The Royal Australian Navy’s (RAN) third and final air warfare destroyer (AWD), the future HMAS Sydney (DDG 42), has officially completed sea trials, the Australian Department of Defense (DoD) announced on November 9.
“Today’s milestone is another example of the Liberal and National Government’s successful initiative to reform the AWD program, setting the scene for the Naval Shipbuilding Plan,” Australian Minister for Defense, Senator Linda Reynolds, said in a press statement.
“Sydney will enter into service early next year, and with her sister-ships HMA Ships Hobart and Brisbane, they will be the most potent warships to date.
“By using a combination of Australian and globally proven technologies, these highly capable warships are truly world-class and will allow us to work even closer with our allies.”
Sydney completed two rounds of sea trials in September and October. The first round tested the warship’s hull, propulsion and navigation systems. The second round tested and evaluated the destroyer’s combat and communications systems.
The future HMAS Sydney will be the third and final ship of the 7,000-ton Hobart-class of guided-missile (air warfare) destroyers. The first-of-class HMAS Hobart was commissioned in September 2017. The HMAS Brisbane entered service in October 2018.
The warships are all based on the Navantia-designed Álvaro de Bazán-class frigate (aka F-100) currently in service with the Spanish Navy. The Hobart-class is the first class of Australian surface combatants to be built around the U.S.-made Aegis combat system and the first ships outside the U.S. Navy to be equipped with a cooperative engagement capability (CEC), a new wide-area integrated air defense system.

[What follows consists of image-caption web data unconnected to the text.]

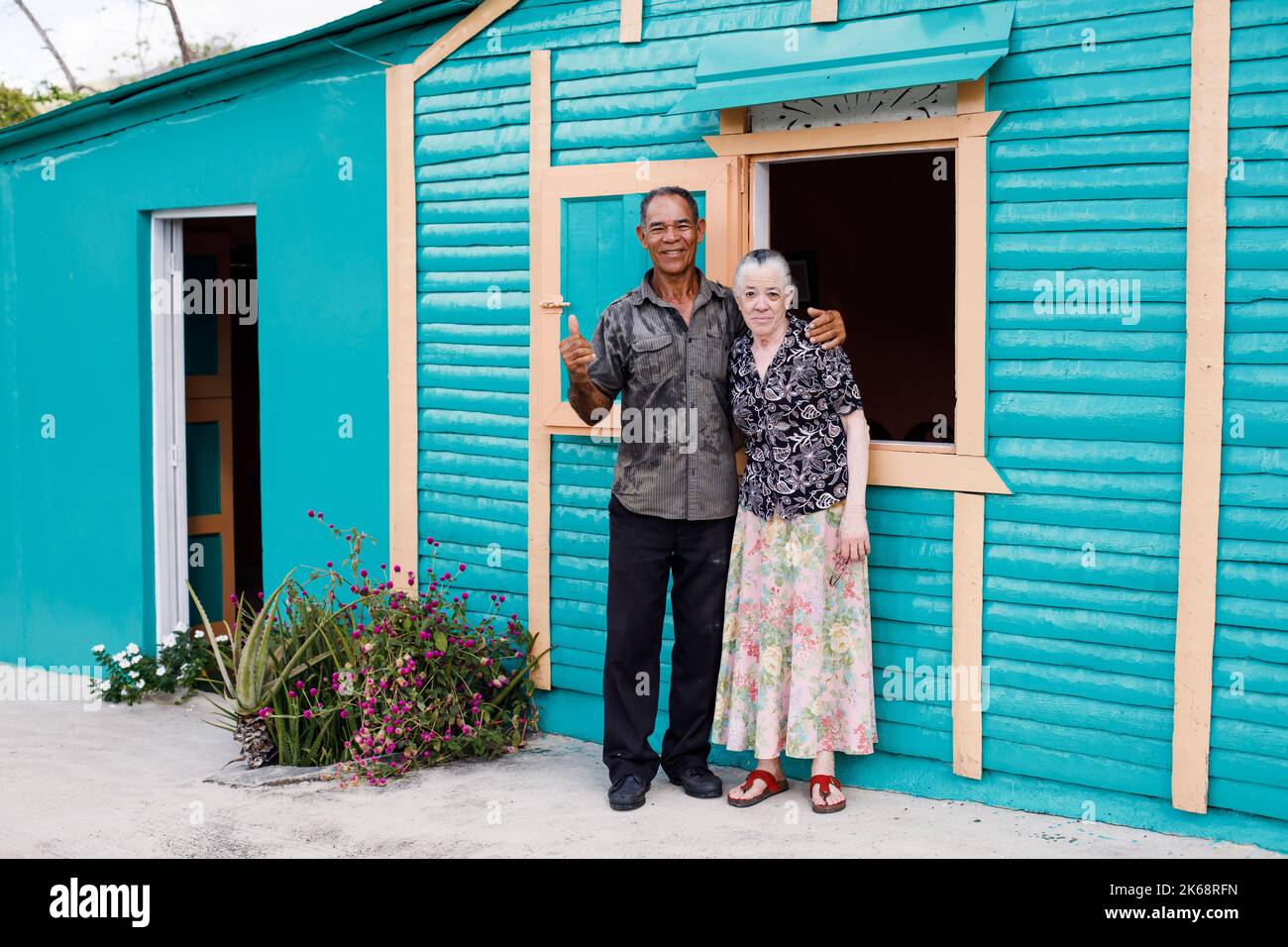 2022.10.04 Dominikanische Republik Anamuya.. PA paar ältere Dominikaner Stockfoto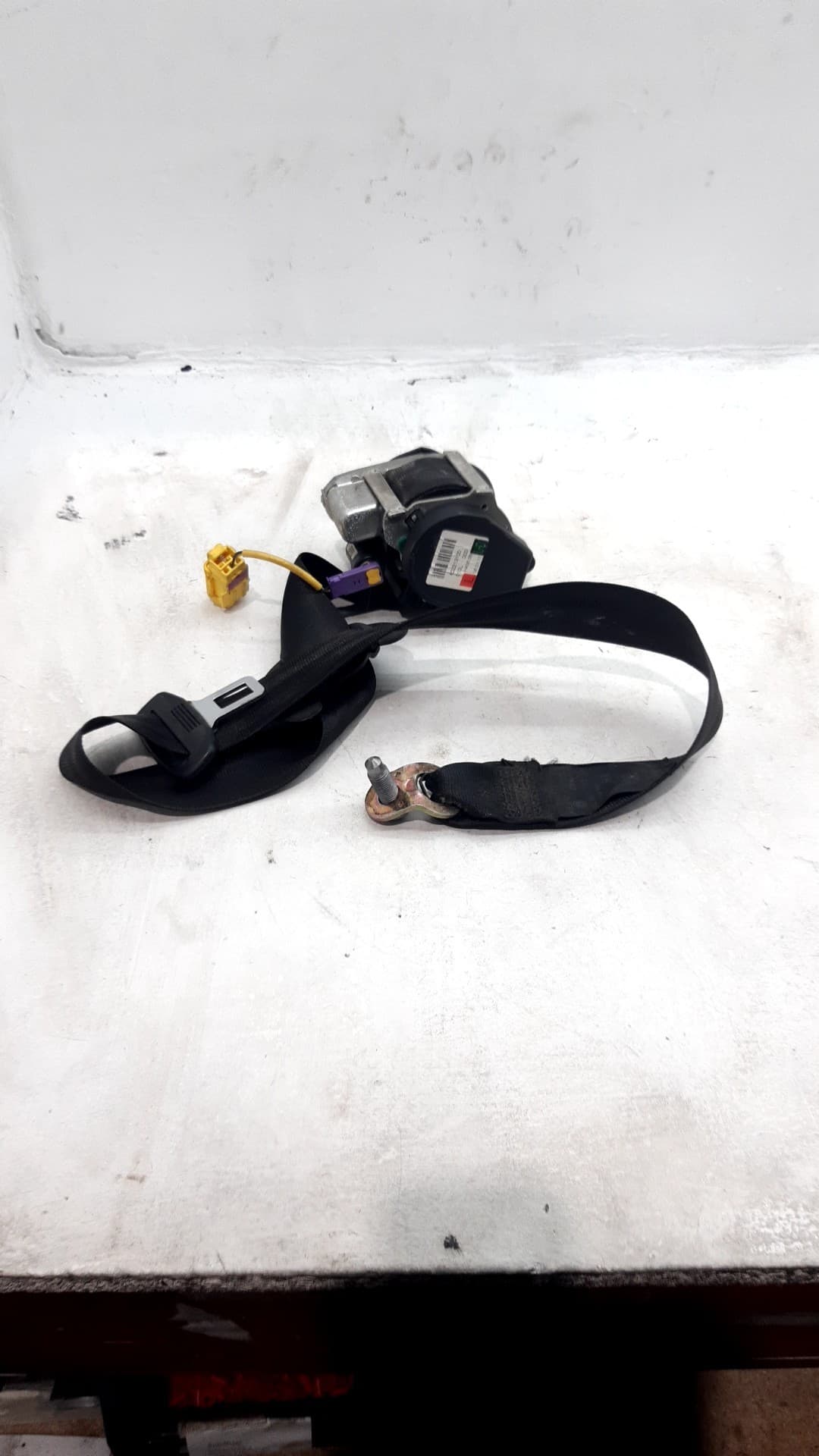 Cinturon seguridad delantero izquierdo VOLKSWAGEN GOLF V BERLINA (1K1)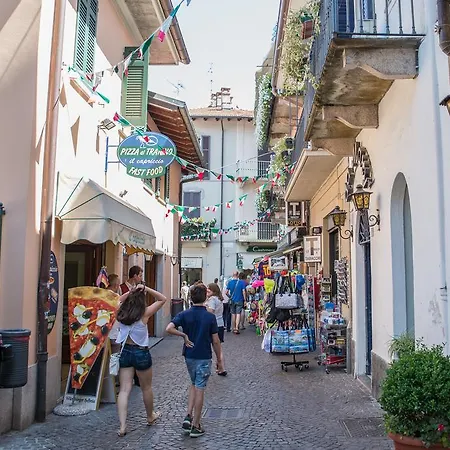 Palazzotto * Stresa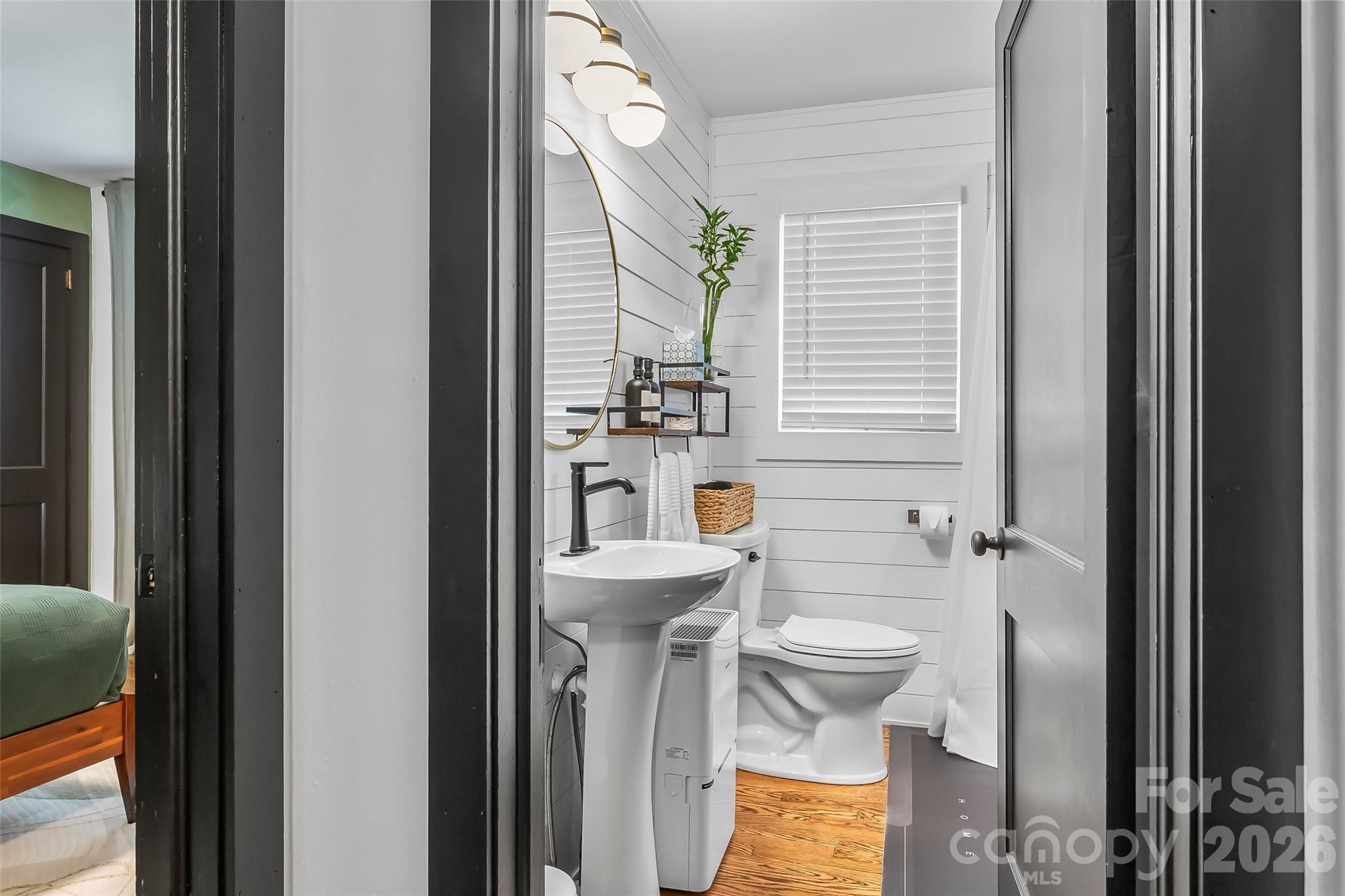 45 Henry Street Property Photo 10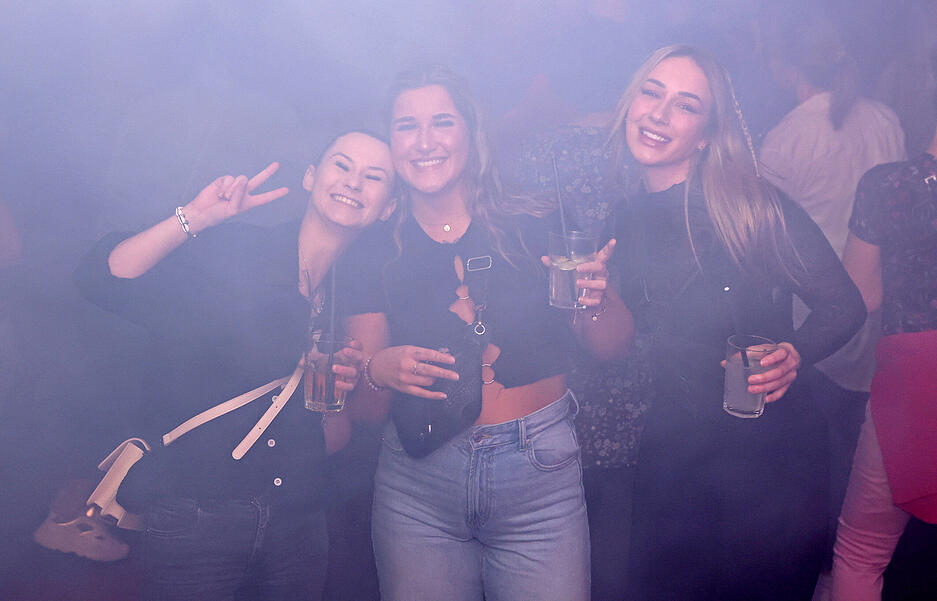 Zu früherer Stunde: Feiernde bei der Early Bird Party im Mobilat Zu früherer Stunde: Feiernde bei der Early Bird Party im Mobilat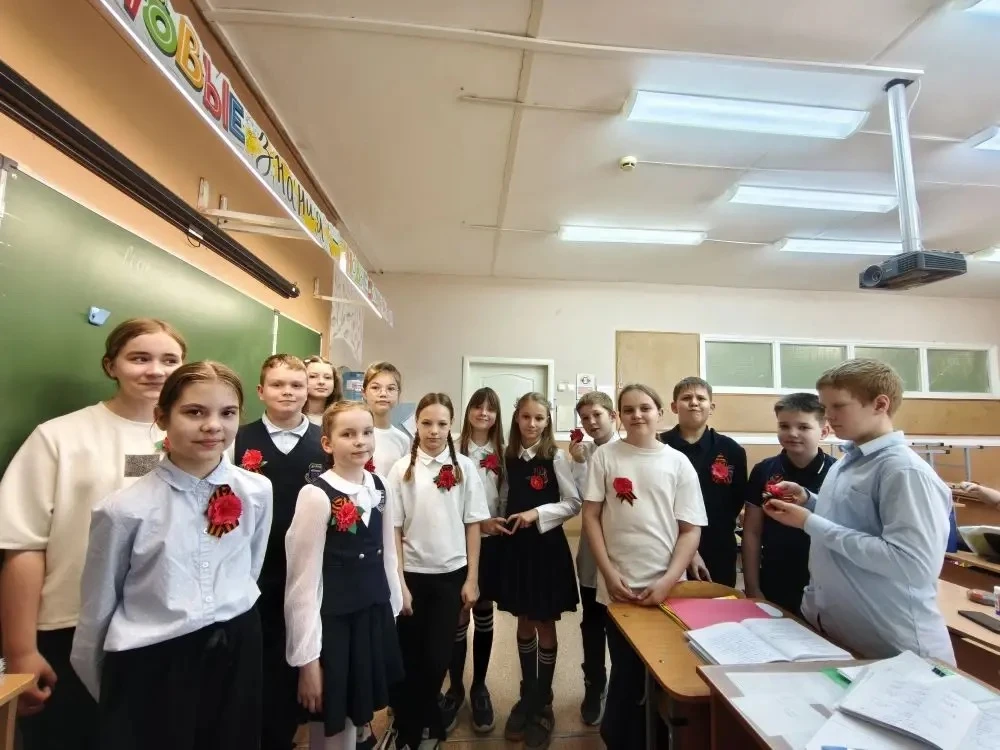 Это была особенная неделя🇷🇺  В преддверии 9 Мая в нашей школе царила особая атмосфера. Во многих каб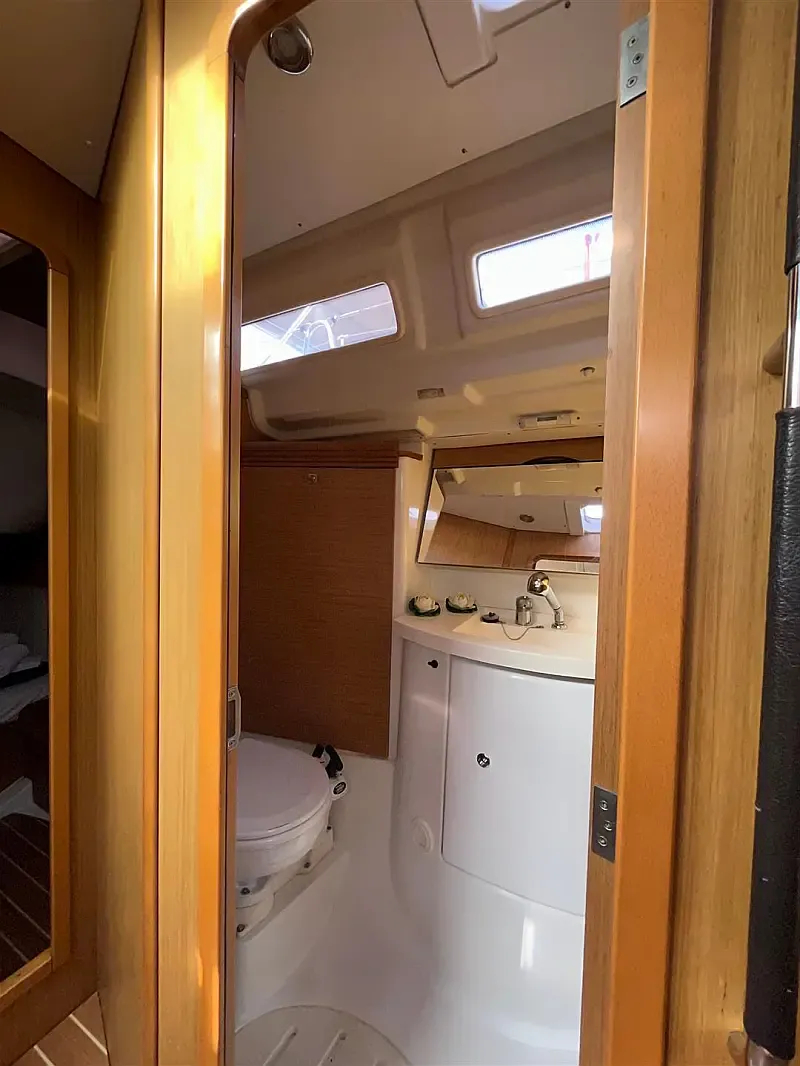 Sun Odyssey 42 i (ID=2753) - фото 18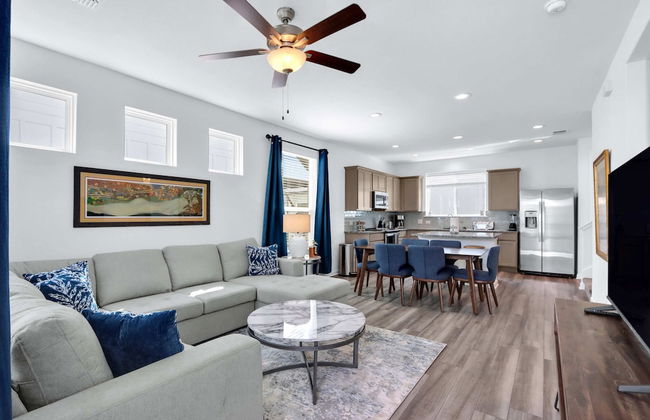 Gorgeous 2 BDR Cottage Minutes to Everything Nbtx! - Foto 1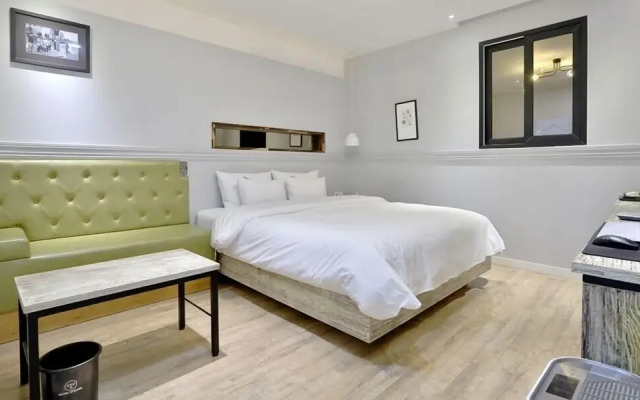 Hotel Yeogieutte Dongdaegu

“CEC interfaces with the Aegis combat system and enhances its early detection capability,” I explained elsewhere. “It is a new wide-area integrated air defense system that allows the real-time sharing of sensor data on air targets, including incoming enemy aircraft and cruise missiles between CEC-equipped destroyers.”
The HMAS Brisbane conducted a CEC live missile engagement activity with the US Navy in October. “Using remote sensor data from the USS Stockdale and the Cooperative Engagement Capability, the combat system was tested against a range of challenging targets and tactical situations,” the Australian DoD said in a press statement on October 31.
The Sydney will be armed with a number of different weapons systems, as I wrote previously:
The armament of the HMAS Sydney will include the Mark 41 Vertical Launching System capable of firing surface-to-air missiles, Harpoon over-the-horizon anti-ship missiles, light-weight torpedoes, and a Mark 45 127-millimeter gun. The warship will also carry a MH-60R Seahawk anti-submarine warfare helicopter.
The Sydney was launched in May 2018 and will be delivered to the service in February 2020. Following the completion of sea trials, final production work includes the integration of the MH60-R helicopter.
The Hobart-class program is overseen by the AWD Alliance, a consortium that coordinates the work of Spanish ship maker Navantia, the Australian shipbuilder ASC, mission systems integrator Raytheon Australia, U.S. defense contractor Lockheed Martin, and the Australian Department of Defense.